From: Paige Miller <paige.miller@kodak.com>
Subject: Re: PCA on covariance or correlation matriceS?
Date: Tue, 09 May 2000 08:11:52 -0400
Newsgroups: sci.math.num-analysis,sci.stat.math
To: A T <alban.tsui@cognos.com>
Summary: [missing]

A T wrote:
> 
> Sorry to post this again. I had the answer awhile ago from the newsgroup but
> my machien crashed and lost my files.
> 
> Could someone explain to me the difference on using covaraince matrix and
> correlation matrix for working out the pricipal components again?
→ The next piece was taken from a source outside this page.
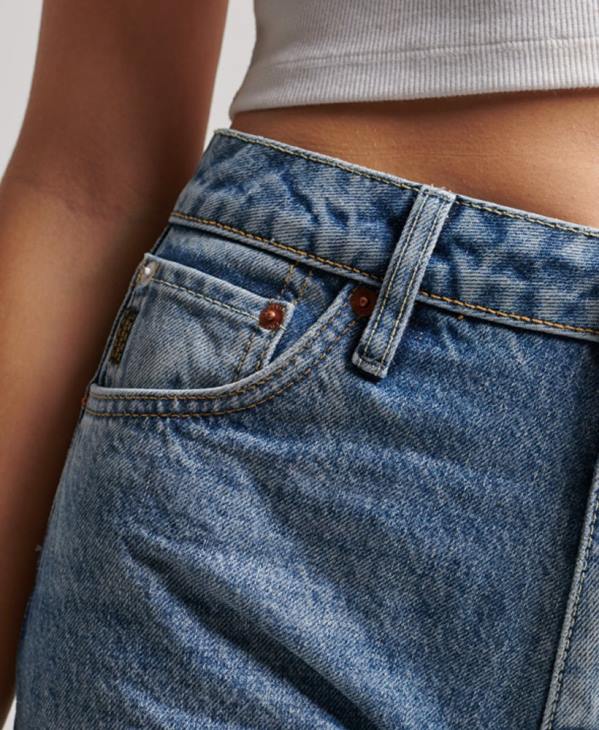 Superdry femmes jean droit taille haute en coton bio D64Z3869 vêtements bleu clair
There is no difference in the calculations, the only difference is in
interpretation.

If you use covariance matrix, then you are implicitly assuming that all
of the original variables are in the same units. Thus, if they are not
all in the same units ... for example, if one variable is pH (range 0 to
14) and another variable is RPMs on a motor (range is 1000 to 10000 rpm)
then the variable with the larger variability (in this case RPMs) will
dominate the loadings that you find. Variables with larger variances
will dominate the results (which may or may not be what you want).
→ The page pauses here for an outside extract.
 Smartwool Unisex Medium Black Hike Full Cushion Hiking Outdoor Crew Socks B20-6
If you use the correlation matrix, then you force all of the original
variables to be in the same units. Thus, they will be given a priori the
same weight in the analysis (which may or may not be what you want).

In the case I cited where one variable was pH and another variable was
RPMs, I believe most people would select the correlation matrix as the
approach.

-- 
Paige Miller
Eastman Kodak Company
paige.miller@kodak.com
"It's nothing until I call it!" -- Bill Klem, NL Umpire